State Sen. Bill Diamond, D-Cumberland, of Windham announced earlier this week that “Tina’s Law” was given a unanimous “ought to pass” vote by members of the Joint Standing Committee on Criminal Justice and Public Safety.

Senator Diamond’s legislation, An Act to Safeguard Maine’s Highways, seeks to stiffen penalties against repeat offenders operating a vehicle after their license is suspended. The legislation has been dubbed “Tina’s Law” in honor of Tina Turcotte whose life was claimed by a horrific traffic accident July 29, 2005 on Interstate 95. Scott Hewitt, who was behind the wheel of the tractor trailer rig that crashed into Tina’s car, was driving with a suspended license at the time of the accident.

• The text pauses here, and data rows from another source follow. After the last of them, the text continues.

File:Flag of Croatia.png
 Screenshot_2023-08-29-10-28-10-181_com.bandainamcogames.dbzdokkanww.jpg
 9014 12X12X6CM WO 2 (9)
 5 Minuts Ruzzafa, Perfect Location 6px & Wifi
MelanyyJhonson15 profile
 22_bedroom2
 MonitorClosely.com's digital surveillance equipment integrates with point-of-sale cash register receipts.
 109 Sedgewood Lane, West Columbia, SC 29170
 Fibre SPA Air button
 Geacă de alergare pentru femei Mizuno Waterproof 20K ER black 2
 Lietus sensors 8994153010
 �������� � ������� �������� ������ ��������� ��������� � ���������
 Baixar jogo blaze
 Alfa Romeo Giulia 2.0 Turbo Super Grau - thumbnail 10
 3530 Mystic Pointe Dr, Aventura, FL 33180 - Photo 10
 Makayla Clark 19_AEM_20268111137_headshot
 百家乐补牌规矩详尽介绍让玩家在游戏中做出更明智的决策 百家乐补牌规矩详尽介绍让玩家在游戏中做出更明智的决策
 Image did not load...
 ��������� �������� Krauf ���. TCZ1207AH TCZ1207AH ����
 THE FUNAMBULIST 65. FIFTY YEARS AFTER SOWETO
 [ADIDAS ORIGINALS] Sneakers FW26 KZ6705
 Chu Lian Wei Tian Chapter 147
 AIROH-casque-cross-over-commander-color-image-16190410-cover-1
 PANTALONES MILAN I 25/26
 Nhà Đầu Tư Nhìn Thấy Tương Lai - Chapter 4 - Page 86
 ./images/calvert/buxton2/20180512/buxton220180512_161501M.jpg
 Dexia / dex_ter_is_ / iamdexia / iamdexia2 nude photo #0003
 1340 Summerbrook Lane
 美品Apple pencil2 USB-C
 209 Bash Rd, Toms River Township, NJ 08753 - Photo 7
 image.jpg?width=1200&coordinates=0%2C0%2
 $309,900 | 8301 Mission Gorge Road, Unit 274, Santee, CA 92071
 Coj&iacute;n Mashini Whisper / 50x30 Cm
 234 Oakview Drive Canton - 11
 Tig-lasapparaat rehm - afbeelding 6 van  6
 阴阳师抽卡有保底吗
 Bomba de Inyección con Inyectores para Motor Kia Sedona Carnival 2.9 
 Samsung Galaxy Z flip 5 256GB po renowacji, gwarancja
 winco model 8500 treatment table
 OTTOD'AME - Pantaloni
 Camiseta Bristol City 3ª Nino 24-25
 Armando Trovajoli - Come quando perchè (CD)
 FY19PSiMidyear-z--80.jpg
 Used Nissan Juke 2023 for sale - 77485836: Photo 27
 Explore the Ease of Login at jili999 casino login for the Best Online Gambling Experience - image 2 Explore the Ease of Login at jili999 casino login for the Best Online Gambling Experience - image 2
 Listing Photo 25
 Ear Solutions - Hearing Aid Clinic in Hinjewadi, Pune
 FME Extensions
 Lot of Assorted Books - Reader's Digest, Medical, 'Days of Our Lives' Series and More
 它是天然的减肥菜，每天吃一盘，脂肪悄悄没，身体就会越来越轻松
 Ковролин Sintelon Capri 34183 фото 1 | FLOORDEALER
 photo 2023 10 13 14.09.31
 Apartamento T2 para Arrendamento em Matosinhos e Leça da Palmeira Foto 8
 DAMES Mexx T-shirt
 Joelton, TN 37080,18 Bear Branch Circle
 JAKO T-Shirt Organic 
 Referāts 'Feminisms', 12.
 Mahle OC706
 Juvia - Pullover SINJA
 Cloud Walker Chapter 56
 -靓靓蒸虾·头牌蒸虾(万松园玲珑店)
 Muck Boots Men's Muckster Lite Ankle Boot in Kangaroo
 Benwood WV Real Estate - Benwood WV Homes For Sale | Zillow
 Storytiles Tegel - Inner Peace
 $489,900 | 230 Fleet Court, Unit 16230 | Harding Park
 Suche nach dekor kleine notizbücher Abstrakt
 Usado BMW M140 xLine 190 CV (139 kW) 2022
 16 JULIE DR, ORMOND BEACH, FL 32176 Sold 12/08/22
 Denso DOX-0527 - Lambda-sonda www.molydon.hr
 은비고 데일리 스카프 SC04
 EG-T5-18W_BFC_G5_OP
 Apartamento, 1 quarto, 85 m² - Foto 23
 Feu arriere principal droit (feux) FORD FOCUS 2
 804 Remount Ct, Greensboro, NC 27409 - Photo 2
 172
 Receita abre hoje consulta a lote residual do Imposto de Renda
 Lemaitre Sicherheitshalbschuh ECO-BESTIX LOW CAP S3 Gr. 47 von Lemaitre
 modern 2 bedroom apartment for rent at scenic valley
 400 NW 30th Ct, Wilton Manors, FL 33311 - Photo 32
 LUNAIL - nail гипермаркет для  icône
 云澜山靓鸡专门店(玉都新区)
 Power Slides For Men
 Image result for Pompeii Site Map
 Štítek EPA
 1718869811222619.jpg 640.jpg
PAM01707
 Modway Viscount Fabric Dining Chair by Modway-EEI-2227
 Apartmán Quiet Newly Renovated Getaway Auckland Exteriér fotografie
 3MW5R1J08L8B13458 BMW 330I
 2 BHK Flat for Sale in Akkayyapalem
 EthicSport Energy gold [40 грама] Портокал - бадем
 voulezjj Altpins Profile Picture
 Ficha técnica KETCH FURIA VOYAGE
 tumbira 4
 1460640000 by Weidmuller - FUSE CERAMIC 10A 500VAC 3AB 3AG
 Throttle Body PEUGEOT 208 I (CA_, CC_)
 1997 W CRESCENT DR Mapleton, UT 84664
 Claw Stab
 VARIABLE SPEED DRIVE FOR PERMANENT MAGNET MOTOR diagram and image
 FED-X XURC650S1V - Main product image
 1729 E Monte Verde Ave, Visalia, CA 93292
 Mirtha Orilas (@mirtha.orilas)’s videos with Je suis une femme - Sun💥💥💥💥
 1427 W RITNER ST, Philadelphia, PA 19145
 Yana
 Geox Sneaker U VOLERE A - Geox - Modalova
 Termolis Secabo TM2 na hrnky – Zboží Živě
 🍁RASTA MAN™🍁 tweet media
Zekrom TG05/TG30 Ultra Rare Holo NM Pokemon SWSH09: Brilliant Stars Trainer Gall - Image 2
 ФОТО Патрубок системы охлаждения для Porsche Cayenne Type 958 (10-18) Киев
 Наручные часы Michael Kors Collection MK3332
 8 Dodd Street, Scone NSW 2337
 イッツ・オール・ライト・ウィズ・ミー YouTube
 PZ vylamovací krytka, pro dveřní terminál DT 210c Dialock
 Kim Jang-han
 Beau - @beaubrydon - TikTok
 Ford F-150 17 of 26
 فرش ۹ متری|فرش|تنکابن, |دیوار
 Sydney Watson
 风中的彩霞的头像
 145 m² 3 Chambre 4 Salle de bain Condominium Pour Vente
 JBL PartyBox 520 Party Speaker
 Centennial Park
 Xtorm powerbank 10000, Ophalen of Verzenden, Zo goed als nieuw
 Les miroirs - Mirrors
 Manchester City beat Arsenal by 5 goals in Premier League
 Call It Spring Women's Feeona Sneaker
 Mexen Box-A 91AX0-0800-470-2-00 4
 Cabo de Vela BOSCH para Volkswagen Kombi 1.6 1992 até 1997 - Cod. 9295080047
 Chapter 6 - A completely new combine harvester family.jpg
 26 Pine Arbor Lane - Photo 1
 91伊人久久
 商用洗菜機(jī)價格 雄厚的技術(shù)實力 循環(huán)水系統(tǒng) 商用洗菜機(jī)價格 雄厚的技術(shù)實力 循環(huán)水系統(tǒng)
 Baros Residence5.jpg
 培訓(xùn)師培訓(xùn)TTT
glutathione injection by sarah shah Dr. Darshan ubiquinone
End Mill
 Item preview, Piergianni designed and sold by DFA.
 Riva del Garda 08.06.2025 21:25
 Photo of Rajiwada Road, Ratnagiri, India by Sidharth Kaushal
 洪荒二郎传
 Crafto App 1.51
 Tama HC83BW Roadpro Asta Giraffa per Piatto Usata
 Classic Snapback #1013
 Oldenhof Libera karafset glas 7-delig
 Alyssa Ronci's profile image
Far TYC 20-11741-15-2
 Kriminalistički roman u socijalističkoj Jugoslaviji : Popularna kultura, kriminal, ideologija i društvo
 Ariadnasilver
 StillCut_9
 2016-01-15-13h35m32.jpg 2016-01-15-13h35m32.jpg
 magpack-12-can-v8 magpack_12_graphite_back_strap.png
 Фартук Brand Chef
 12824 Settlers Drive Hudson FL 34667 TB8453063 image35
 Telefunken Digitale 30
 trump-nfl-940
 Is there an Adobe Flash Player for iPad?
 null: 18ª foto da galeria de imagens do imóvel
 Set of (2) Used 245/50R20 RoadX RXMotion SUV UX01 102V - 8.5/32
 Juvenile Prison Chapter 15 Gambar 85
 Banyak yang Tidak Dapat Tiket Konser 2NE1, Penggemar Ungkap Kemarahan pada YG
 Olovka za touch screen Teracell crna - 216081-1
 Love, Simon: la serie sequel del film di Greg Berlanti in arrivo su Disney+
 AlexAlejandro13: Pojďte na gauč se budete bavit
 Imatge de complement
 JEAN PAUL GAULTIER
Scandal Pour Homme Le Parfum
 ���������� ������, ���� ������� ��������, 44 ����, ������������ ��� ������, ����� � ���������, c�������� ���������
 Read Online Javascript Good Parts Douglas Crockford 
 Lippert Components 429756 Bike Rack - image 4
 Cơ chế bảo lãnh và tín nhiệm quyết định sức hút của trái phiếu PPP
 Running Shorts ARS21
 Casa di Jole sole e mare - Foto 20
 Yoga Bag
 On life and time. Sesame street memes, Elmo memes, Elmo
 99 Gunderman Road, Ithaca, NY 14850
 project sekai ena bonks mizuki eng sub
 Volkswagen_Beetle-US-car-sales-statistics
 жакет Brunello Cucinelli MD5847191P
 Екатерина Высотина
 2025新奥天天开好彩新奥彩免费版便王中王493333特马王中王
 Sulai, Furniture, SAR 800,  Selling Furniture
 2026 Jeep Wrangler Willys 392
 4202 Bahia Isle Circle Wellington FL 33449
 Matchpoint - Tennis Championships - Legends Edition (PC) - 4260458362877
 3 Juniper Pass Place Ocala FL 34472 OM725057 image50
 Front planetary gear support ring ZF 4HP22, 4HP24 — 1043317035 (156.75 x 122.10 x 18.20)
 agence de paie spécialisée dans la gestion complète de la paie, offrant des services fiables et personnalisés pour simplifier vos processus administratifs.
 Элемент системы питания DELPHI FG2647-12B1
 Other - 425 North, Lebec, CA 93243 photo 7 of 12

“This is landmark legislation in that Maine is taking a new approach toward people who continue to drive after their license is suspended,” commented Senator Diamond. “Tina’s Law makes operating after suspension (OAS) a serious offense with mandated jail sentences for repeat offenders. If a driver is caught driving after suspension, the message will be unmistakable by way of increased fees and jail time. This bill says when you’re caught for OAS, you’re off the road.”

In order to be subject to Tina’s Law, a driver must have had three major offenses as described in the legislation. The bill now heads to the full Legislature for debate.